Open in Colab: https://colab.research.google.com/github/casangi/cngi_prototype/blob/master/docs/introduction.ipynb


Introduction

CASA software development faces several competing challenges that are expected to only worsen with time. As both a scientific research and development platform as well as a necessary component in multi-million dollar telescope operations, CASA must overcome the contradictory goals of being a flexible experimentation platform with mature, documented, tested, and stable performance.
Furthermore, it must accomplish this with a relatively modest development staff that is diverse, remote, and matrixed across many competing projects.

Historically, much of CASA traces its roots to algorithms developed and refined over many decades and implemented in a custom code base utilized and maintained by a global, yet small developer base. In years past, it was necessary to develop a custom infrastructure to support the unique needs of radio astronomy science. Yet as data sizes, performance demands, and conflicting needs of multiple telescopes continue to rise, the overhead of maintaining this infrastructure grows exponentially.

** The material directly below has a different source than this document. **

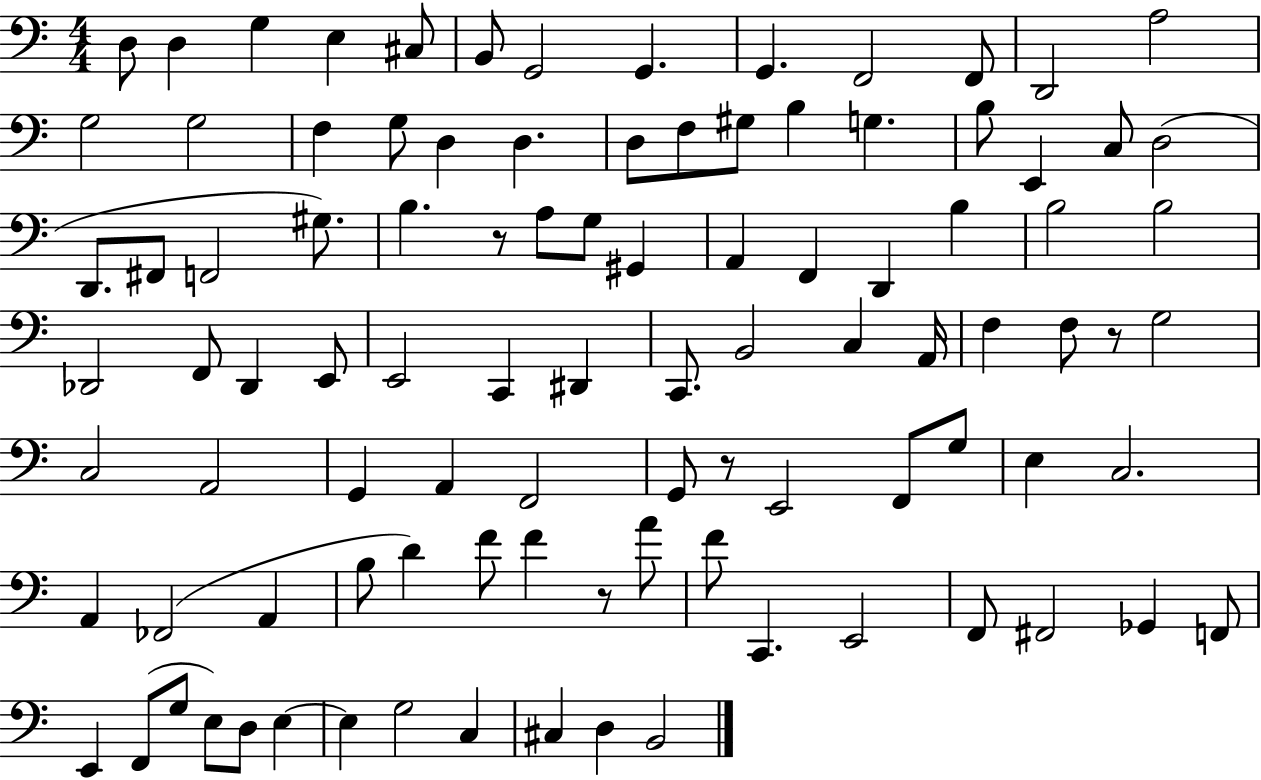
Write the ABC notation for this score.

The CASA team has begun exploring options for a new generation of software to meet the growing demands of current and future instruments. This cngi_prototype package is a demonstration of the current state of our research efforts. Its primary purpose is to showcase new data structures for MeasurementSet and Image contents built entirely in Python atop the popular technology stack of numpy, dask, and xarray. A selection of core mathematics, manipulation, middleware and analysis functions are shown in the Visibility and Image overview sections to demonstrate the simplicity and scalability of the technology choices. Notional examples of Calibration, Flagging and Imaging are provided to illustrate future design and implementation direction. Finally, the most compute intensive areas of CASA imaging are implemented and benchmarked to demonstrate the parallel scalability and raw performance now possible from a pure-Python software stack.

A detailed explanation of technology choices, including the xarray and dask frameworks, the zarr storage format, and the functional design architecture can be found in the Development section.

Project Background

The Common Astronomy Support Applications (CASA) package supports a variety of radio astronomy needs by providing mechanisms for data manipulation, analysis, calibration and imaging. Derivatives of these broad categories include items such as visualization, simulation, conversion, and experimentation. The primary data products of CASA are the MeasurementSet (MS) and Image file formats. Additional products are not discussed here but include calibration tables and imaging cache.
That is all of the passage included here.